*YOUR ASSIGNMENT*: Would you please write out only the lines running from the top of the listing through the one holding "construction site 91119831", exactly, with both ends kept and pictures left out?

------------------------------------------------

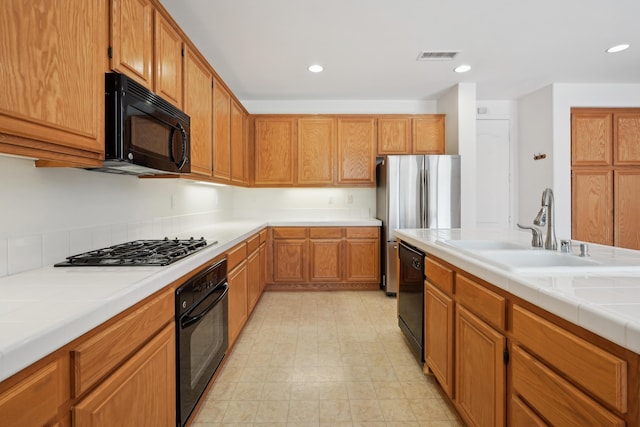 3024 Albret St, Lancaster, CA 93536 - kitchen featuring black appliances, a sink, tile countertops, recessed lighting, and brown cabinets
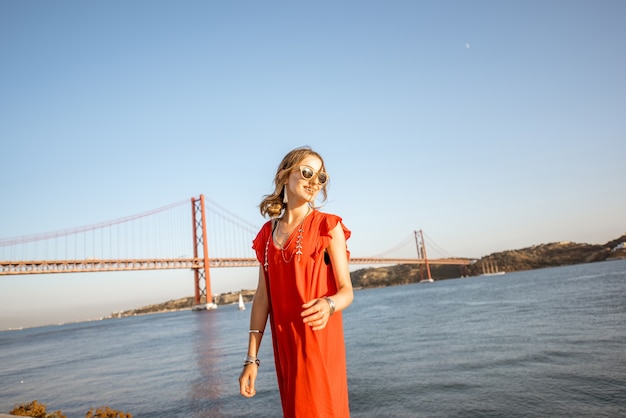 Retrato do estilo de vida de uma mulher vestida de vermelho caminhando à beira do rio com uma bela ponte de ferro ao fundo na cidade de Lisboa, Porugal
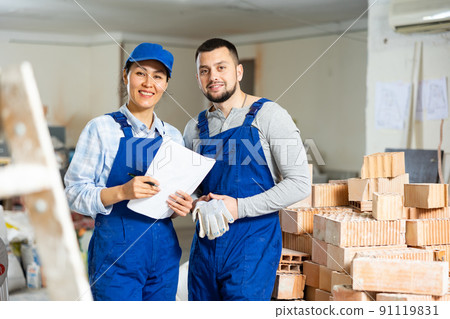 Smiling female foreman and bearded worker with papers at construction site Smiling female foreman and bearded worker with papers at construction site 91119831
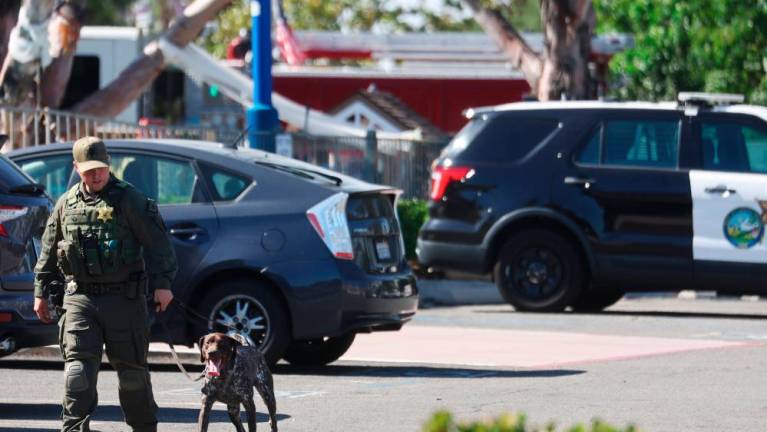 A police officer leads a canine at the scene of a shooting at the Geneva Presbyterian Church on May 15, 2022 in Laguna Woods, California. AFPPIX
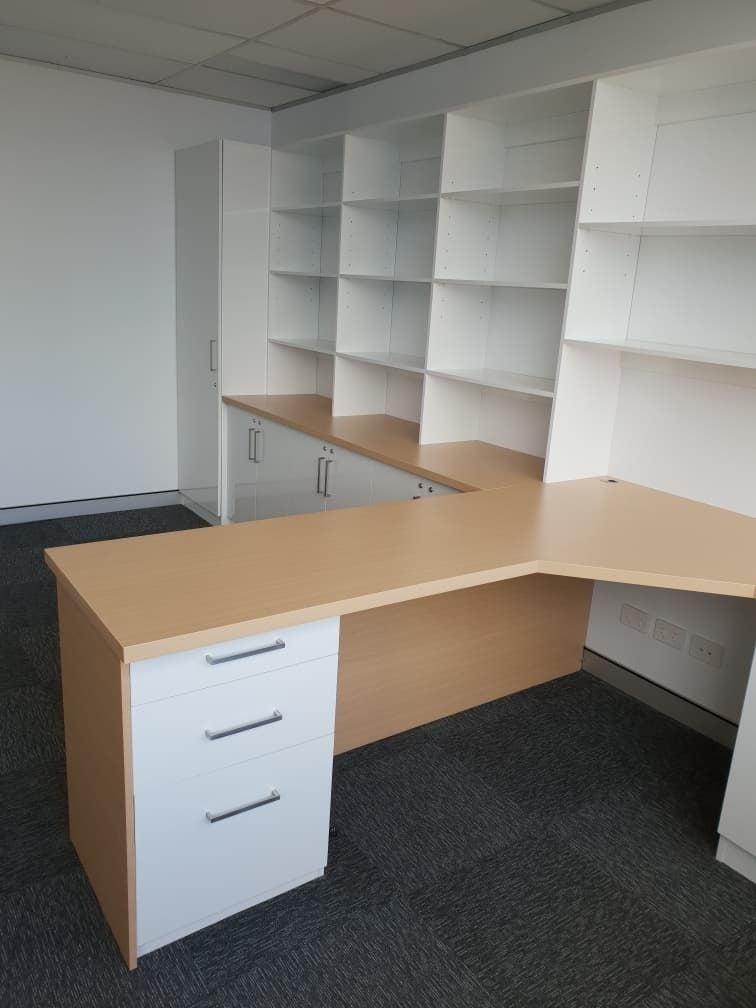 Fit out for Barristers chambers using Polytec "Polar White Sheen", 33mm post form desk top using Polytec "Tuross Oak". All doors and drawer installed with locks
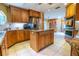 A spacious kitchen with stainless steel refrigerator, center island, wood cabinetry and tiled floor at 1550 Kevin Ln, Deland, FL 32724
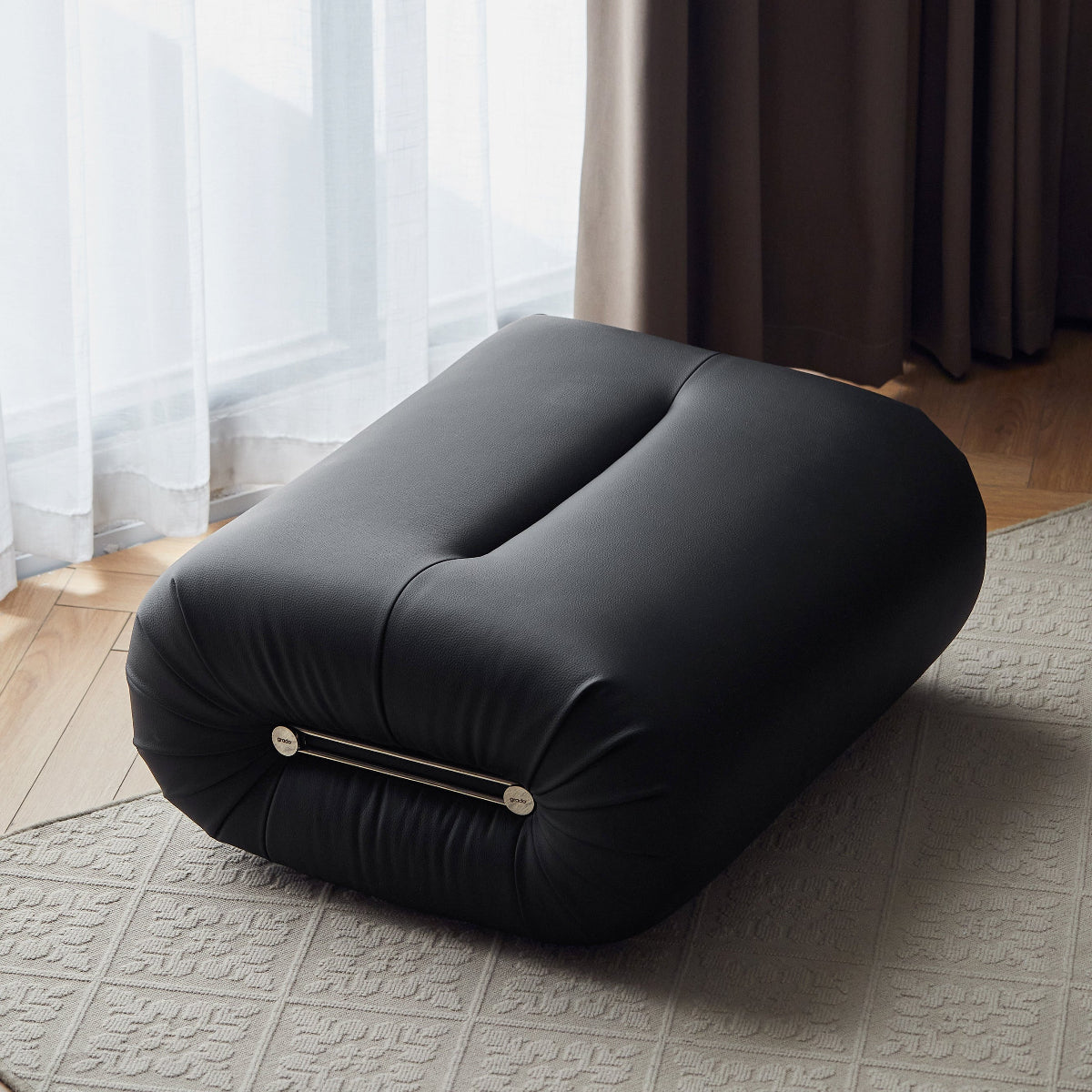 A black tufted floor cushion or ottoman with a metallic bar detail, placed on a textured light rug in a room with sheer white curtains, brown drapes, and a wooden floor.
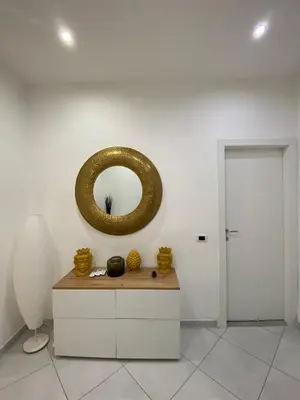 a room with a gold mirror on the wall at Marechiaro Apartments in Palermo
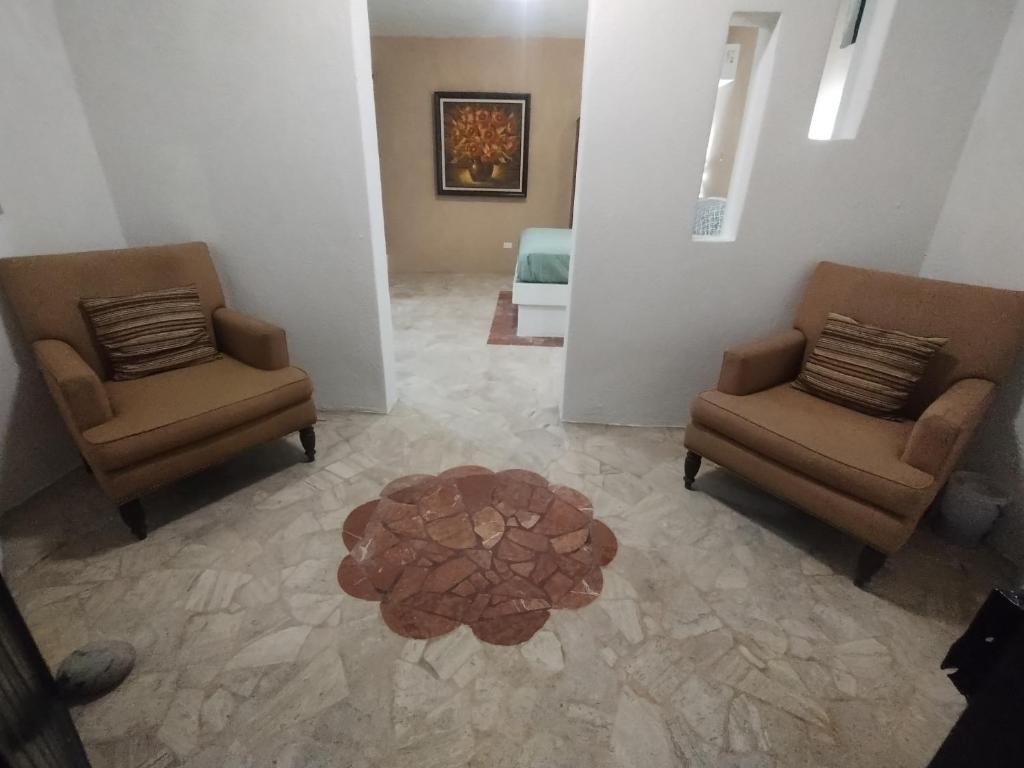 a living room with two chairs and a table at Tres Migueles Depa Shaaro cerca marina y playa medano in Cabo San Lucas
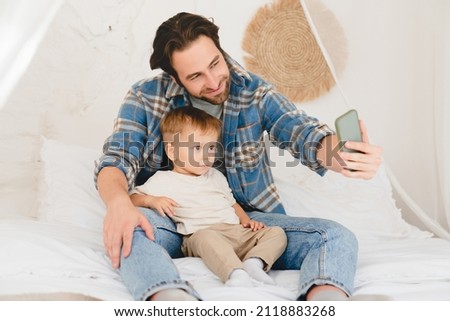 Young caucasian father dad taking selfie photo having videocall with small kid child toddler newborn infant baby at home on the bed. Videocall conversation online with relatives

------------------------------------------------

*COMPLETED TASK*:
 3024 Albret St, Lancaster, CA 93536 - kitchen featuring black appliances, a sink, tile countertops, recessed lighting, and brown cabinets
 Retrato do estilo de vida de uma mulher vestida de vermelho caminhando à beira do rio com uma bela ponte de ferro ao fundo na cidade de Lisboa, Porugal
 Smiling female foreman and bearded worker with papers at construction site Smiling female foreman and bearded worker with papers at construction site 91119831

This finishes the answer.